Australian Banks May Return $16 Billion In Excess Capital To Shareholders

Post by NeilMc on September 3, 2009 · Under Australian Economy, Business News, Capital Markets, Equities, banking, investments · Comment 

Shareholders in Australia’s major banking groups could have as much as $16 billion in excess capital held by the lenders, returned to them over the next year according to investment bank Credit Suisse.

Credit Suisse also says that bad debt will peak in the second half of 2009 almost a year earlier than it had previously estimated.

The reduction in real actual levels of bad debts, and falling provisions, will free up even more capital, increasing already conservative cash levels held by the banks.

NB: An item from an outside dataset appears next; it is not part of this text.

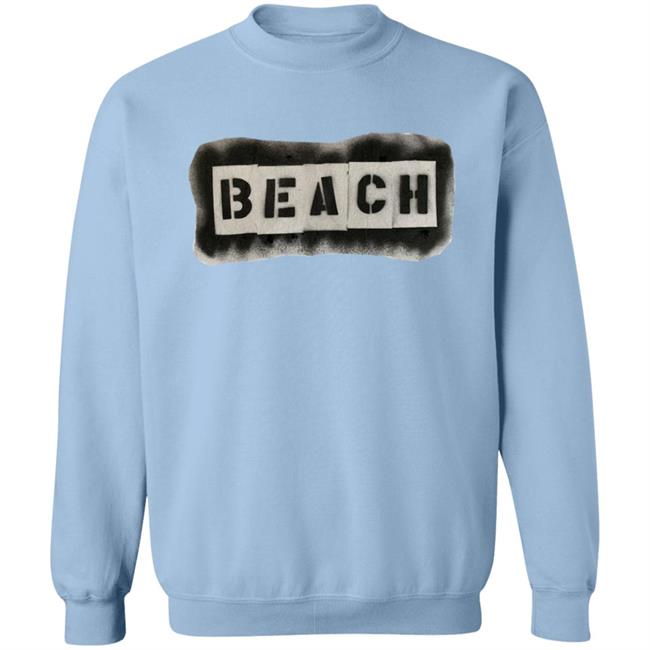 Left At London Video Lyric Shirt Left At London Video Lyric Shirt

The Australian banking majors are already outperforming international rivals, and according to Credit Suisse banking analyst James Ellis, as the Australian economy continues to recover, the level of bad debt is unlikely to rise any further.

“There is not going to be a sharp snap back. We now expect bad debts to peak in the second half of this year, primarily reflecting the more buoyant recent economist data as well as positive forward indicators from the recent bank results. We also expect bad debt charges will experience a sharp downward trajectory post the peak on the back of progressive progression releases.” Mr. Ellis said.

Credit Suisse believes that the probability of the Big Four banks returning the excess capital to shareholders has risen, and the amount given back, either through a special dividend or share buy back, may be as high as $16 billion.

CBA and Westpac were the banks most likely to pay a special dividend.

The Big Four lenders are amongst the highest rated and best capitalised banks in the world with all four majors holding the closely watched tier-one capital ratios in excess of the benchmark 8 per cent.